Hejie Cui
Postdoctoral Scholar, Biomedical Informatics
Bio
Dr. Hejie Cui is a postdoctoral researcher at the Stanford Center for Biomedical Informatics Research at Stanford University. Her research focuses on the intersection of machine learning, data mining, and biomedical informatics. At Stanford, Dr. Cui works on large language model (LLM) evaluation and post-training for healthcare. Dr. Cui has authored and co-authored several publications in top computer science and interdisciplinary venues, including NeurIPS, KDD, AAAI, CIKM, TMI, and MICCAI. Her work contributes to advancing the application of artificial intelligence in healthcare and improving the understanding of complex biomedical data. Dr. Cui was selected as a Rising Star in EECS in 2023. She has also received numerous awards, including the Fellowship of 2021 CRA-WP Grad Cohort for Women, Student Travel Grant Award for MICCAI'22, NSF Travel Grant for CIKM'22, and NeurIPS AI4Science Travel Award for NeurIPS'22. Dr. Cui holds a Ph.D. in Computer Science from Emory University (2024) and a B.Eng. in Computer Science and Engineering from Tongji University (2019). During her graduate studies, she gained industry experience through internships at Microsoft Research and Amazon Science.
Honors & Awards
-
Rising Star in EECS, EECS Rising Stars Committee (11/2023)
-
Laney-EDGE Graduate School Diverse Scholars in the Sciences, Laney Graduate School, Emory University (08/2023)
-
Laney Graduate Student Council Research Grant, Emory University (11/2022)
-
Award for CRA-WP Grad Cohort for Women, Computing Research Association (04/2021)
-
Mitacs Globalink Research Award (GRA), Canada Mitacs (05/2018)
Professional Education
-
PhD, Emory University, Computer Science (2024)
-
BEng, Tongji University, Computer Science and Engineering (2019)
All Publications
-
BrainGB: A Benchmark for Brain Network Analysis With Graph Neural Networks
IEEE TRANSACTIONS ON MEDICAL IMAGING
2023; 42 (2): 493-506
Abstract
Mapping the connectome of the human brain using structural or functional connectivity has become one of the most pervasive paradigms for neuroimaging analysis. Recently, Graph Neural Networks (GNNs) motivated from geometric deep learning have attracted broad interest due to their established power for modeling complex networked data. Despite their superior performance in many fields, there has not yet been a systematic study of how to design effective GNNs for brain network analysis. To bridge this gap, we present BrainGB, a benchmark for brain network analysis with GNNs. BrainGB standardizes the process by (1) summarizing brain network construction pipelines for both functional and structural neuroimaging modalities and (2) modularizing the implementation of GNN designs. We conduct extensive experiments on datasets across cohorts and modalities and recommend a set of general recipes for effective GNN designs on brain networks. To support open and reproducible research on GNN-based brain network analysis, we host the BrainGB website at https://braingb.us with models, tutorials, examples, as well as an out-of-box Python package. We hope that this work will provide useful empirical evidence and offer insights for future research in this novel and promising direction.

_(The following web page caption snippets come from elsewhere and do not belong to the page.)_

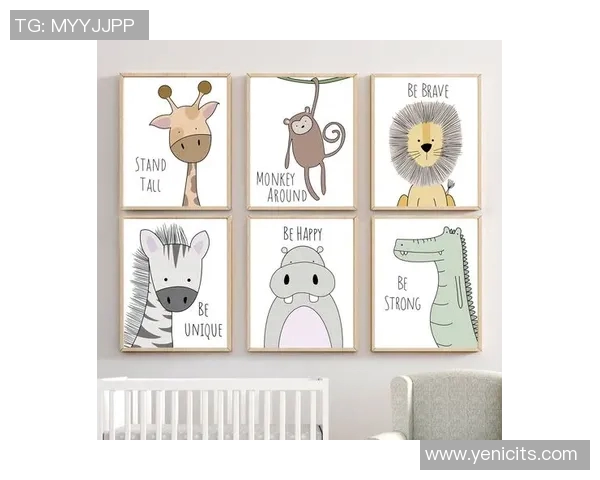 家中装饰足球明星挂画让家居焕发运动活力与激情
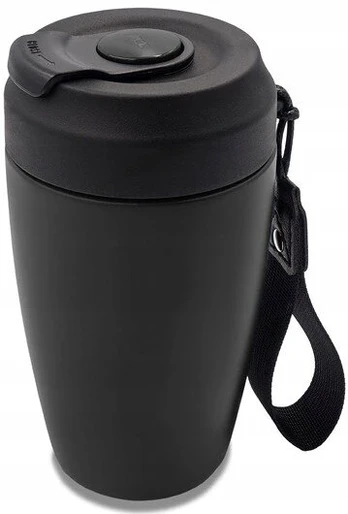 Terminis puodelis kavai arbatai sandarus 380 ml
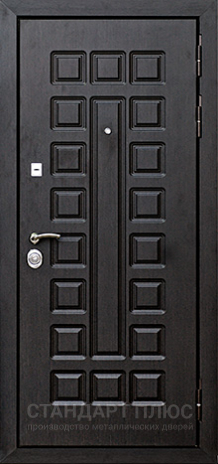 Входная дверь  с отделкой МДФ ПВХ в Лыткарино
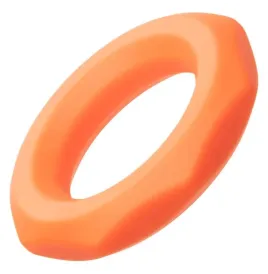 CALEXOTICS - ANELLO ALPHA SEXAGON ARANCIONE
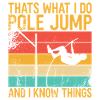 Pole vault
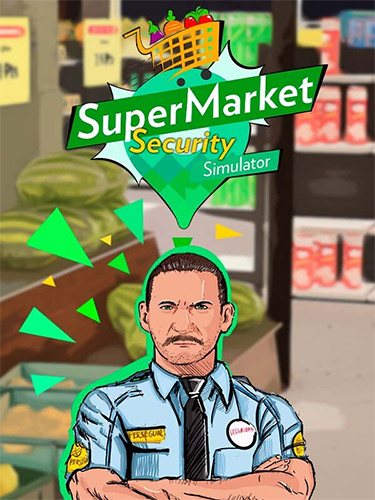 Supermarket Security Simulator cover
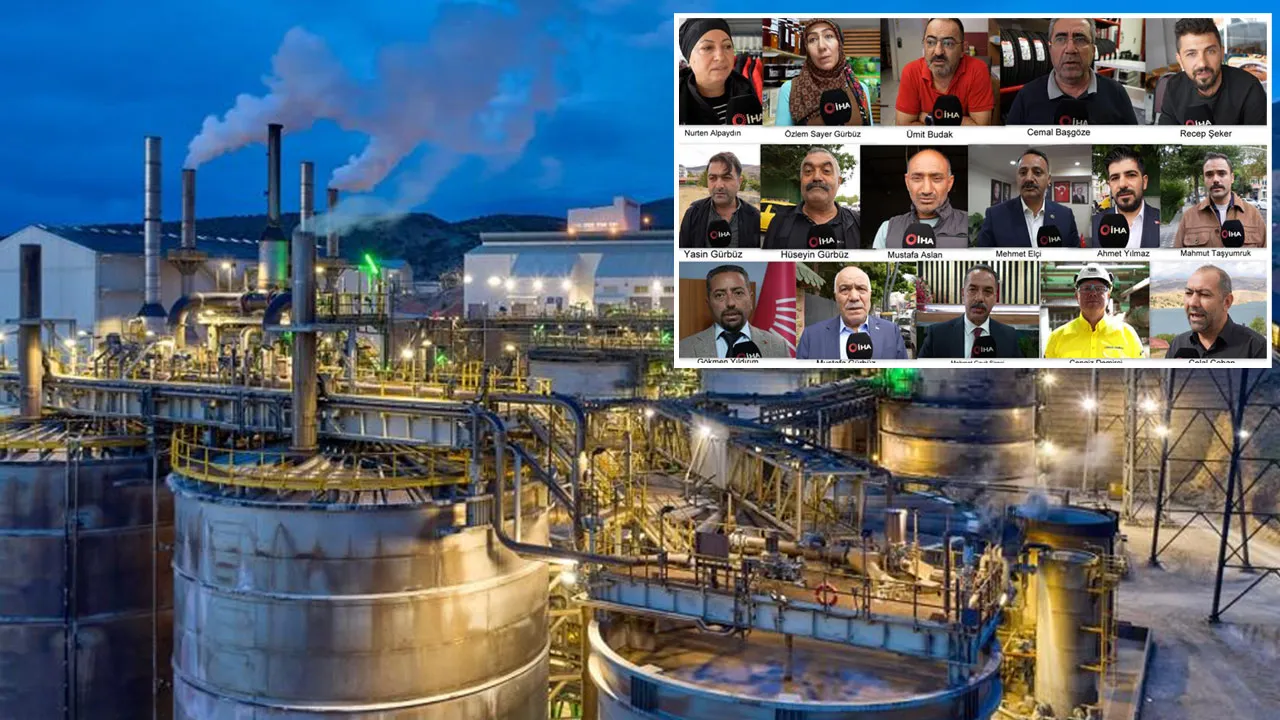 HAYAT DURMA NOKTASINA GELDİ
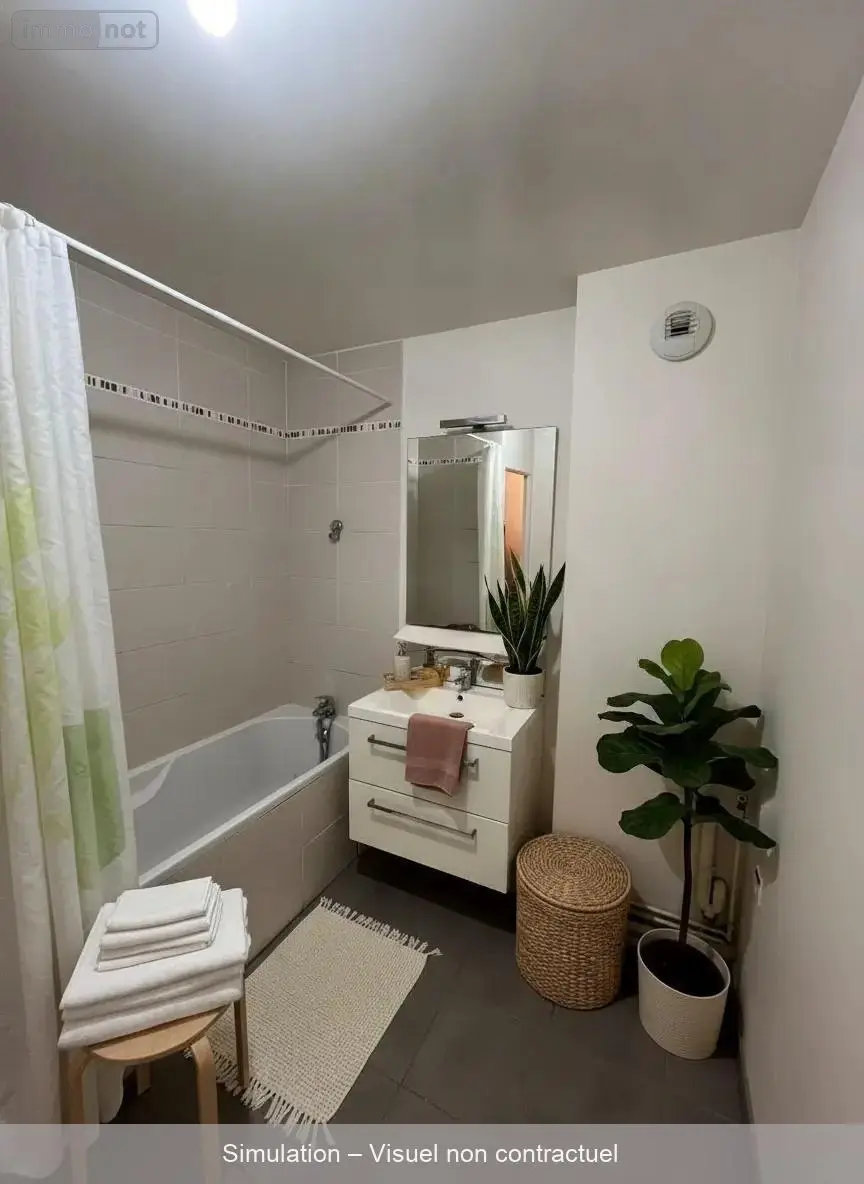 Appartement a vendre Dunkerque 59140 Nord 59 64 m2 4 pièces 184800 euros D1104 015
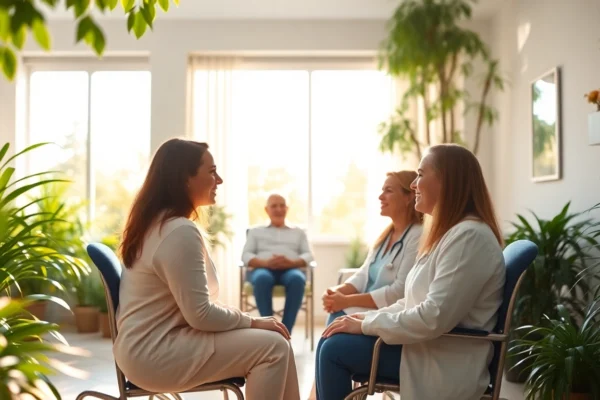 Rehabilitation center https://troitzkiy.org.ua in Kyiv with serene green surroundings and supportive staff for addiction recovery.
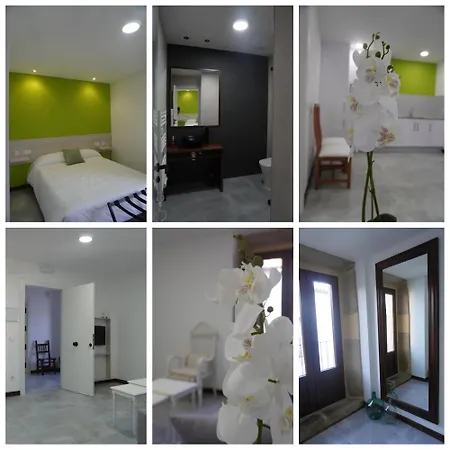 Sanin Apartment *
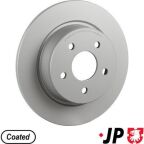 Гальмiвнi диски заднi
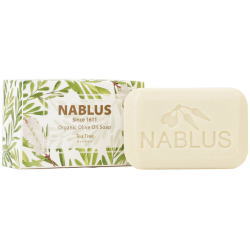 NABLUS SOAP オーガニック石鹸（ティーツリー）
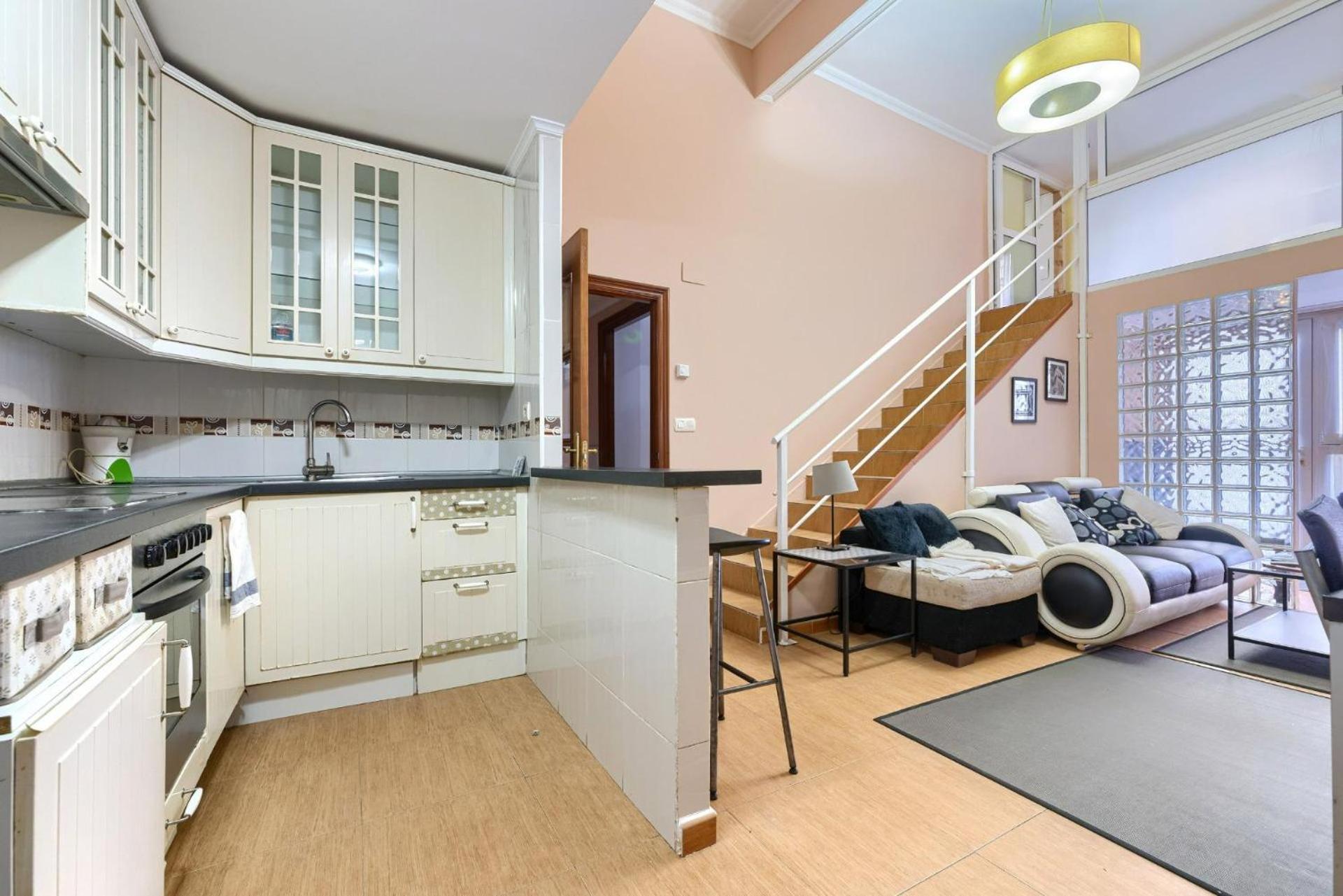 Apartament Piso Especial Bec Cruces Garaje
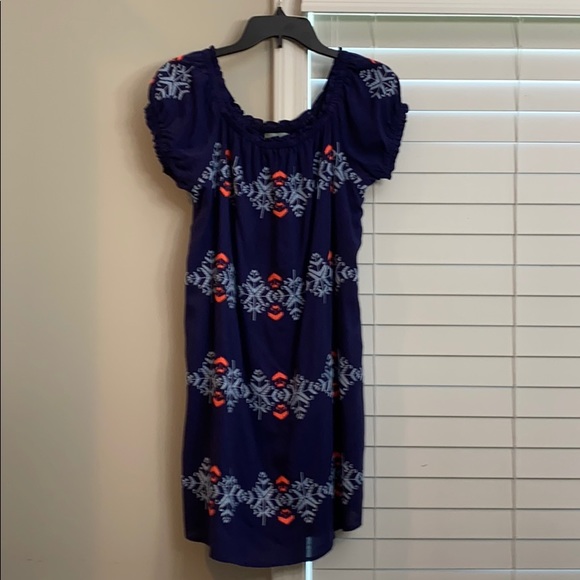 Skies Are Blue Dress - Picture 1 of 9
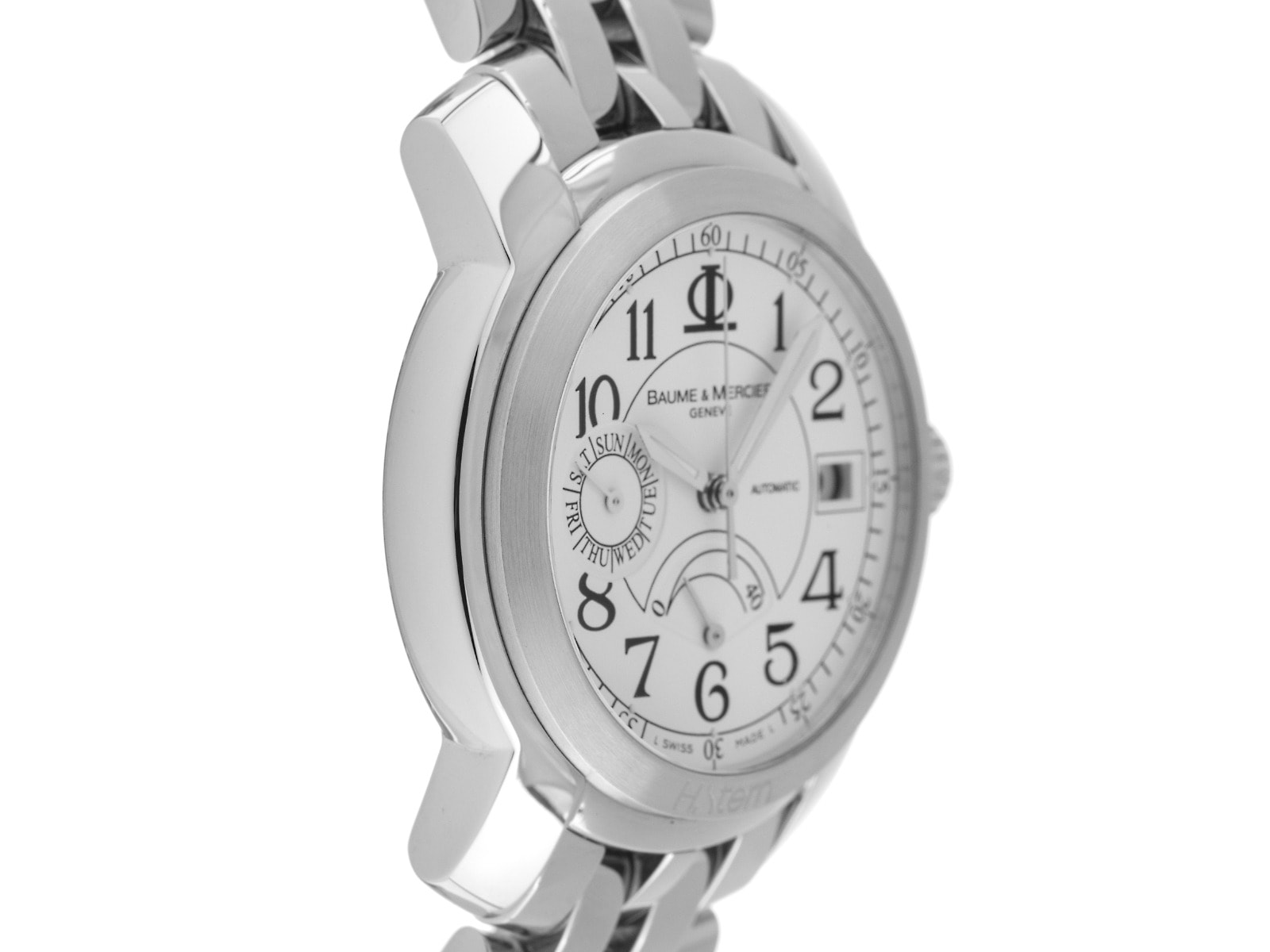 Baume & Mercier Capeland – Ref. 65417, Wie neu – 5/8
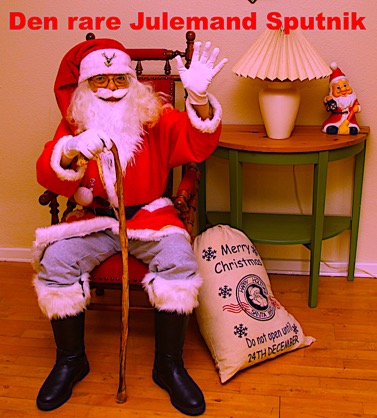 den-rare-julemand-sputnik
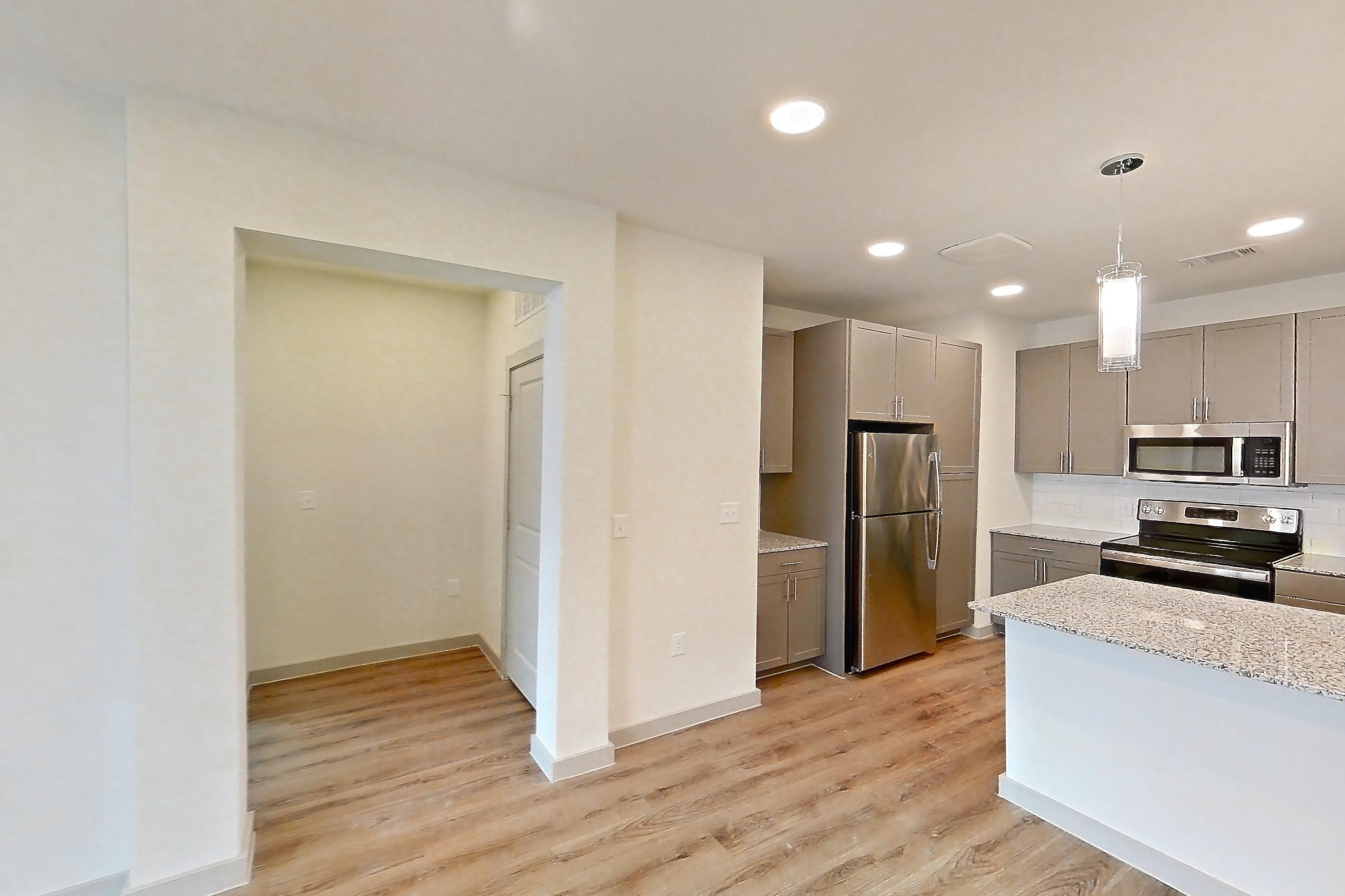 LIVING ROOM (representative of this floor plan)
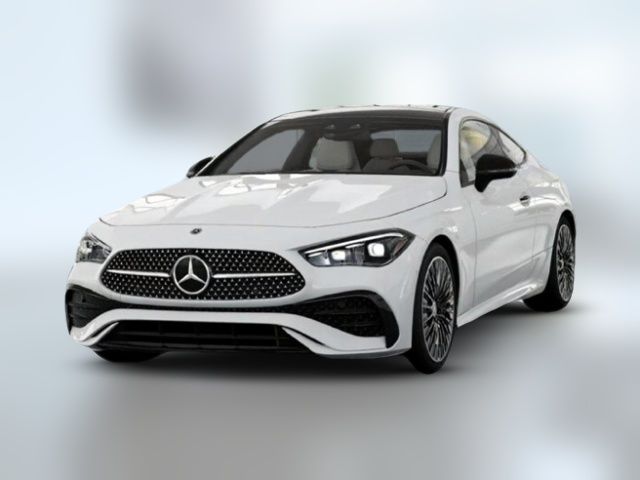 2027 Mercedes-Benz CLE CLE 450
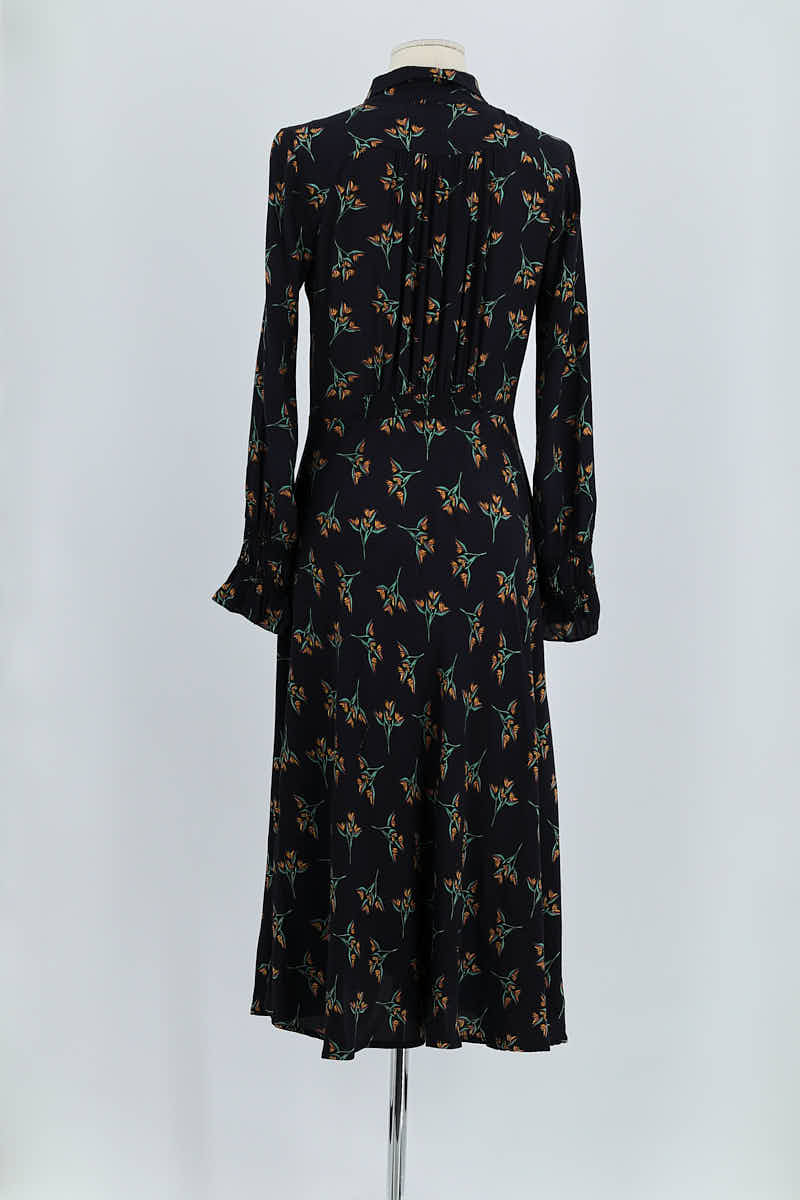 Robe Bash  Noir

View details for DOI 10.1109/TMI.2022.3218745
View details for Web of Science ID 000934156000015
View details for PubMedID 36318557
-
Neighborhood-Regularized Self-Training for Learning with Few Labels
ASSOC ADVANCEMENT ARTIFICIAL INTELLIGENCE. 2023: 10611-10619
Abstract
Training deep neural networks (DNNs) with limited supervision has been a popular research topic as it can significantly alleviate the annotation burden. Self-training has been successfully applied in semi-supervised learning tasks, but one drawback of self-training is that it is vulnerable to the label noise from incorrect pseudo labels. Inspired by the fact that samples with similar labels tend to share similar representations, we develop a neighborhood-based sample selection approach to tackle the issue of noisy pseudo labels. We further stabilize self-training via aggregating the predictions from different rounds during sample selection. Experiments on eight tasks show that our proposed method outperforms the strongest self-training baseline with 1.83% and 2.51% performance gain for text and graph datasets on average. Our further analysis demonstrates that our proposed data selection strategy reduces the noise of pseudo labels by 36.8% and saves 57.3% of the time when compared with the best baseline. Our code and appendices will be uploaded to https://github.com/ritaranx/NeST.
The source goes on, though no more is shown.